::: INFORMATION GIVEN :::

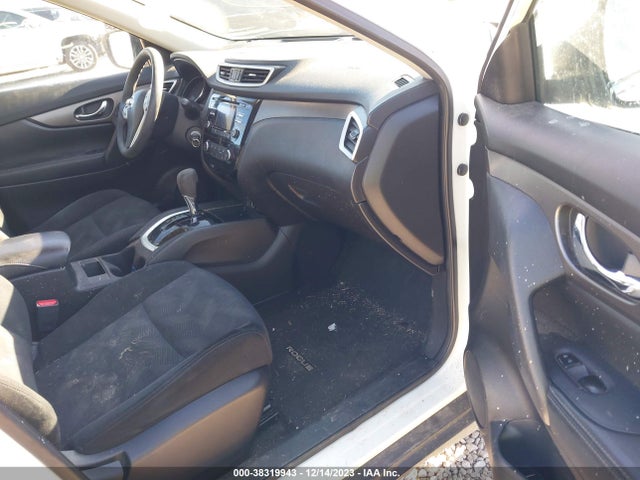 2014 NISSAN ROGUE S VIN: 5N1AT2MV2EC753544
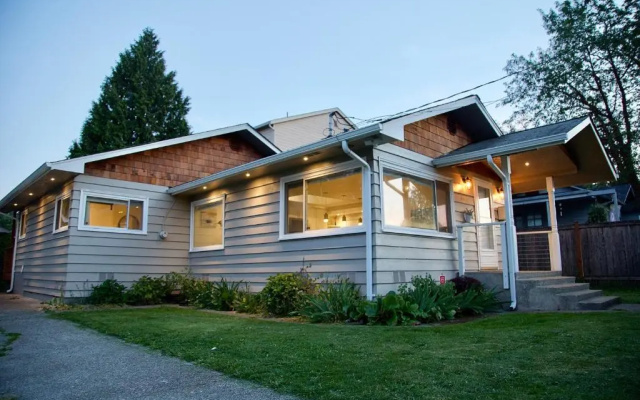 photo 2 of Charming Seattle Home Near Lake Washington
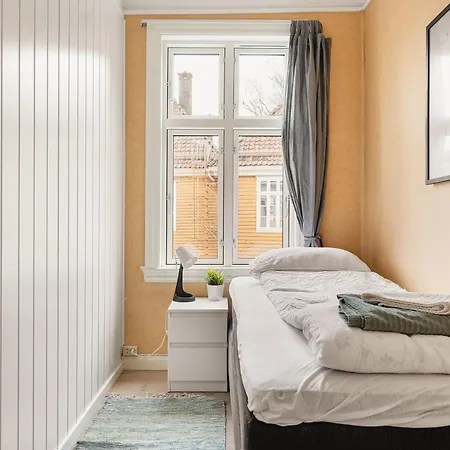 Apartment Fit For Two Families! 8 Bedrooms! 2 Bathrooms! Bergen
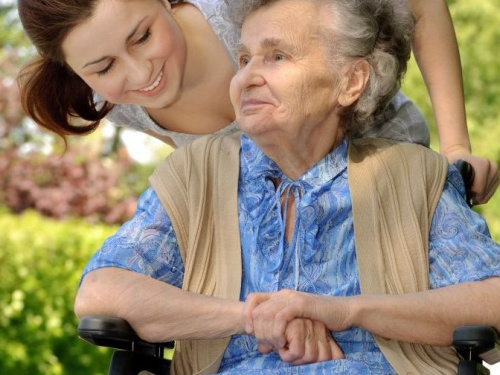 Одиноким пенсионерам старше 80 лет назначили ежемесячное пособие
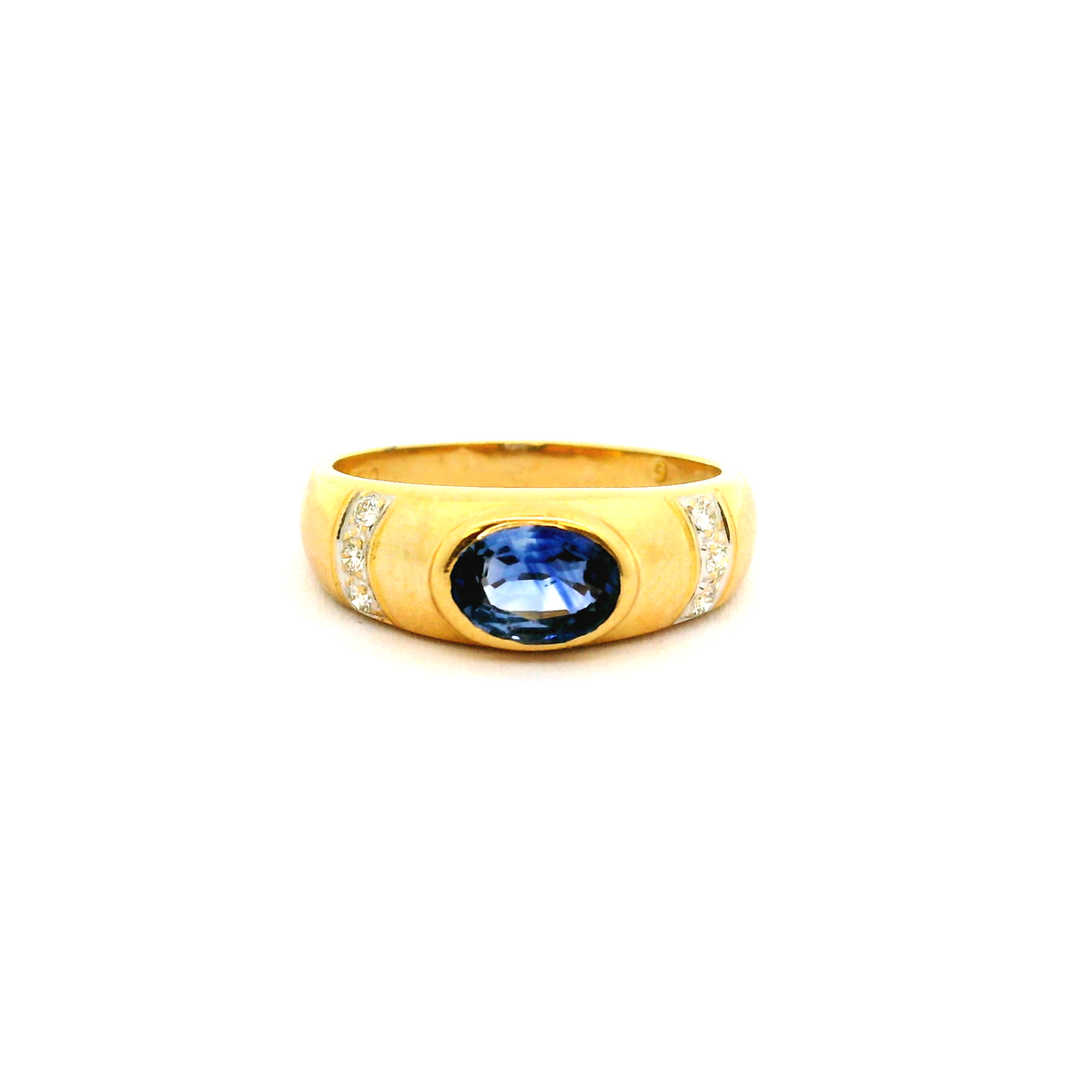 18ct Sapphire & Diamond Ring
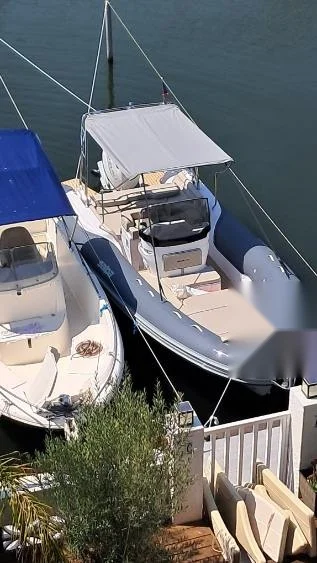 Salpa Soleil 23 poste de pilotage avec GPS Simrad 9 pouces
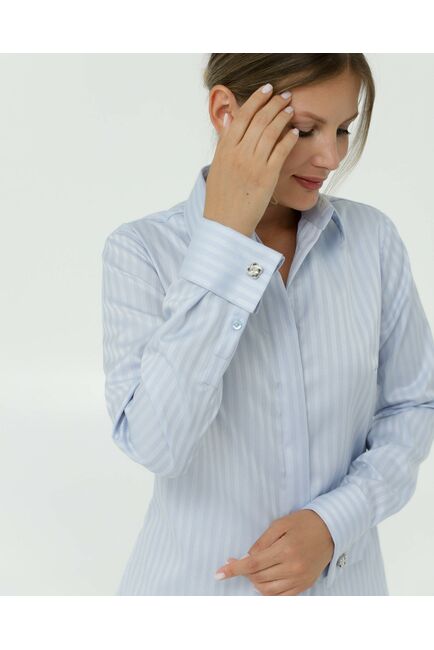Женская рубашка под запонку голубая с фактурой ёлочка  8843 от byME 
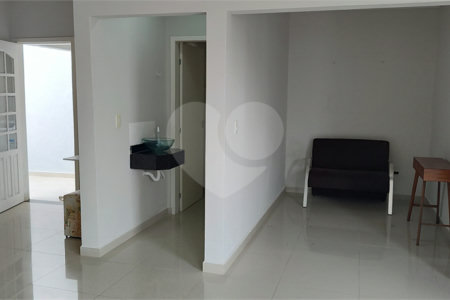 Casa Térrea à venda com 3 quartos, sendo 2 suítes, em Jardim Jaraguá, Atibaia, SP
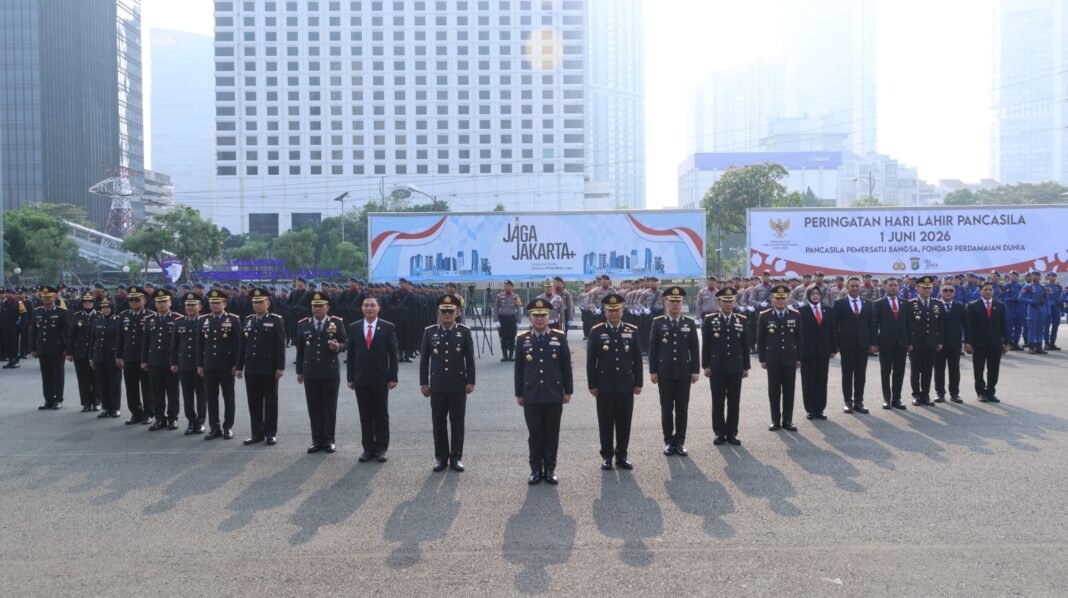 Polda Metro Jaya Gelar Upacara Hari Lahir Pancasila, Tegaskan Semangat Persatuan Polda Metro Jaya Gelar Upacara Hari Lahir Pancasila, Tegaskan Semangat Persatuan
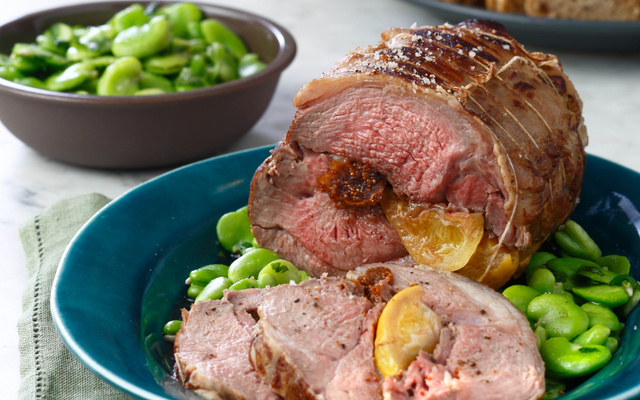 Rôti d’agneau  en croûte de sel de Guérande, citrons confits et figues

:::

TO DO: Using the data above, retype exactly the lines from the line with "photo 2 of Charming" to the line with "Casa Térrea à", inclusive. No pictures and nothing else.

TASK SOLUTION:
 photo 2 of Charming Seattle Home Near Lake Washington
 Apartment Fit For Two Families! 8 Bedrooms! 2 Bathrooms! Bergen
 Одиноким пенсионерам старше 80 лет назначили ежемесячное пособие
 18ct Sapphire & Diamond Ring
 Salpa Soleil 23 poste de pilotage avec GPS Simrad 9 pouces
Женская рубашка под запонку голубая с фактурой ёлочка  8843 от byME 
 Casa Térrea à venda com 3 quartos, sendo 2 suítes, em Jardim Jaraguá, Atibaia, SP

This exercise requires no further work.